Definitivamente el Puerto de Veracruz, como dijo Agustín Lara, «Vibra en mi ser». Hay lugares en la vida que calan hondo. La tres veces heroica siempre me gustó desde niño. Después tuve un largo periodo de no volver, de los once a los treinta y nueve años. Allá por el año dos mil regresé. La impresión fue tremenda. Retornaba filmando la película «En el Tiempo de las Mariposas», si a los once años me lo dicen, no lo creo. A partir de ahí he retornado subsecuentemente. El puerto tiene un subyugo especial. Desde la carretera para llegar a él.
Los bosques de Río Frío hacia Puebla, los volcanes del «Popo» y el «Iztla», el camino de Cumbres de Maltrata a Orizaba, el verde campo de paso por Córdoba hasta llegar al olor de mar bonita que despide Boca del Río, para ver finalmente el primer reducto de colonia española en México.
Despertar en Veracruz es ver el cielo rojo, pero no sólo sin tu cariño. Es tomar un baño fresco, es caminar por el malecón viendo gaviotas mañaneras, barcos de muelle que cantan la aventura, la brisa marina que resbala por los poros, es oír el reloj del faro viejo dando las nueve al compás de «Veracruz», del Flaco Agustín a ritmo y sonido de reloj antiguo. Es ver a la chiquillería lanzarse clavados para rescatar la moneda del turista, es escuchar el habla acubanada del oriundo, es llegar a la aromática Parroquia y pedir un humeante café lechero.
En Veracruz mis sentidos se despiertan. Voy al mar a la playa «Mocambu», y juego con las olas, me clavo en ellas, me tiro como clavadista holandés que en la trampa busca el penal. Nado relajado, libre y fluyente en la corriente del mar. Salgo del mar como esos pescadores de las películas del «Indio Fernández» y voy a una choza de palmas donde venden una cerveza bien fría.
Me acuesto en los camastros a fumar y no sé del tiempo, no soy preso de su cruel tic-tac. El hambre me hace su sentir y parto a bañarme, a acicalarme, una vez logrado me voy con mi compañera de vida a comer comida de mar al estilo español. El lugar, «El Llagar», en frente del mar, teniendo a «La Isla de los Sacrificios», como lejano testigo. Las palmeras del boulevard se agitan como bolero de «Toña la Negra», » borrachas de sol». De tarde y en la noche a la «Plaza de la Campana», ahí donde los jarochos bailan danzón acompañados con orquesta.
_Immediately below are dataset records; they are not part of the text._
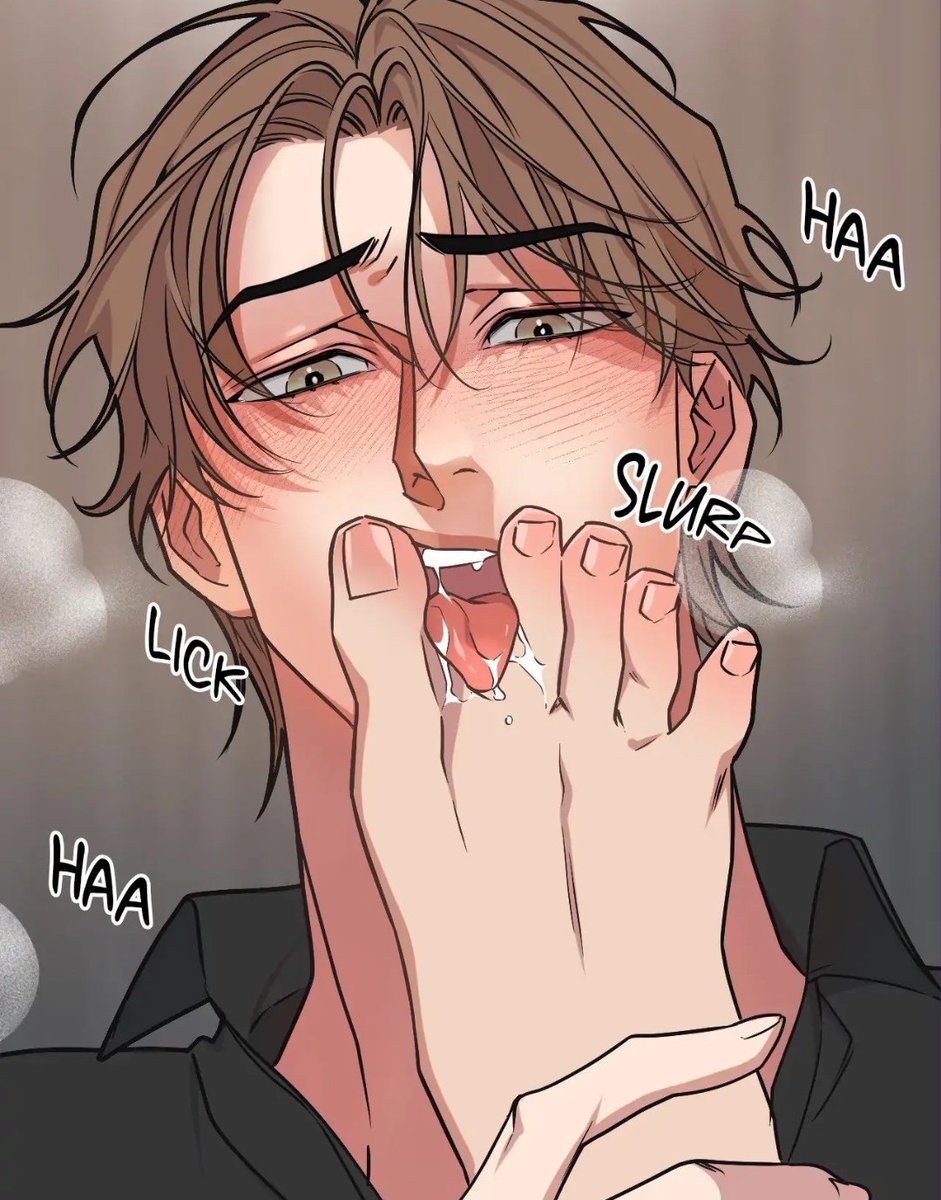 blrepost's tweet photo. That's actually pretty hot 😩🔥

S: Full Volume https://t.co/LJzaRcfp5b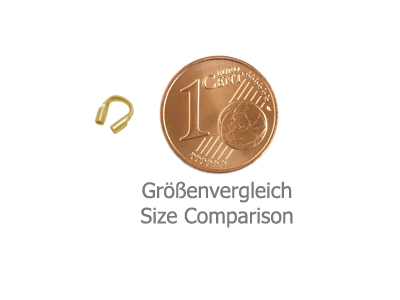 Größenvergleich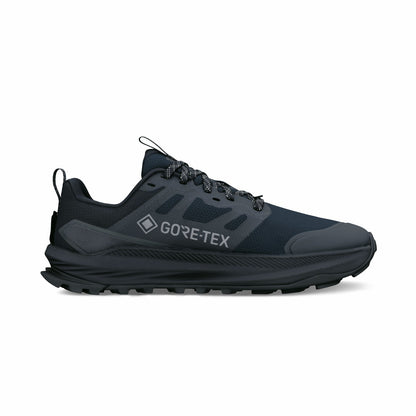 Women's Lone Peak 9+ GTX
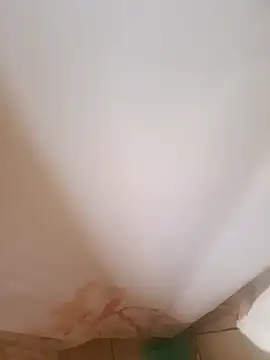 Snapshot of 403notfound chatting on November 3, 2025, 4:43 pm 403notfound online show from November 3, 2025, 4:43 pm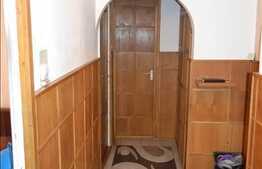 Apartament cu 4 camere, 80 mp, loc de parcare, zona strazii Gheorghe Dima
Ellos de guayabera blanca y zapato níveo, ellas con su coquetísimo abanico.
La cadencia corporal marcando el tiempo, las miradas que de repente se cruzan, la música que penetra, abriendo los segundos a la sensualidad. La noche cae, y el cielo y luna, adornados con estrellas son el epílogo discreto enorme de un día que ha cumplido su cabal función. Uno puede ir a reposar los órganos y sentidos que han salido de sus cajas y se han divertido de lo lindo.
En unas horas nuestras marionetas sensoriales despiertan gozosas queriendo vivir, jugar, reír, divertirse. Veo el cielo, el sol se asoma tímido emitiendo destellos rojos y naranjas, el aire entra por el cuarto, mis pulmones se ensanchan sintiendo el aire limpio, eso que llamamos oxígeno vital. Es la hora, cerramos las maletas, ahora van cargadas de emociones, en unos momentos más escucharé «Pasajeros con destino a México, Distrito Federal, favor de abordar el autobús número…». Hoy de mañana de DF en el teclado, veo, siento y contemplo la inmensidad de vida que aún resuena de mi bello Puerto llamado Veracruz.
Raúl Adalid Sainz, en algún lugar de México-Tenochtitlan.